A Study on the Detection of Compressed Micro-crack by Nonlinear Wave Modulation Technique

Abstract

We investigate nonlinear wave propagation through micro-cracks that are compressed by external forces by means of a nonlinear ultrasonic modulation technique. Nonlinear modulated waves are generated by the truncation of waves passing through cracks due to the opening and closing of the cracks with the nonlinear ultrasonic modulation technique, which is known to be effective when used to detect very fine cracks in comparison with other linear ultrasonic methods since the technique utilizes the breathing of the cracks rather than wave reflections or refractions. However, if the cracks are strongly compressed, the crack opening is hindered due to the excessive initial stress, and the nonlinearity does not become apparent.

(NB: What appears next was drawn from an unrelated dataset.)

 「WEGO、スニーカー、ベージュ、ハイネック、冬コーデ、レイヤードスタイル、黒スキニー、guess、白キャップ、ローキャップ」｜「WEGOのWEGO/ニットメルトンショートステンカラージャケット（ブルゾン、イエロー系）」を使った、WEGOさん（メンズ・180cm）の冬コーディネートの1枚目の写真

In this study, an improved nonlinear modulation wave technique for the detection of micro-cracks under compression is devised. By analyzing photomicrographs of cracks with an algorithm designed to measure the crack width, a realistic crack model is generated and a chirp signal is applied to find the resonant frequencies which are used as the excitation frequencies. Experimental tests are conducted to verify the numerical results. An aluminum plate is compressed in the direction normal to the cracks' lateral surfaces and is excited using piezoelectric patches attached onto its surface. The experimental and numerical results show good agreement for various excitation frequencies and different compressions.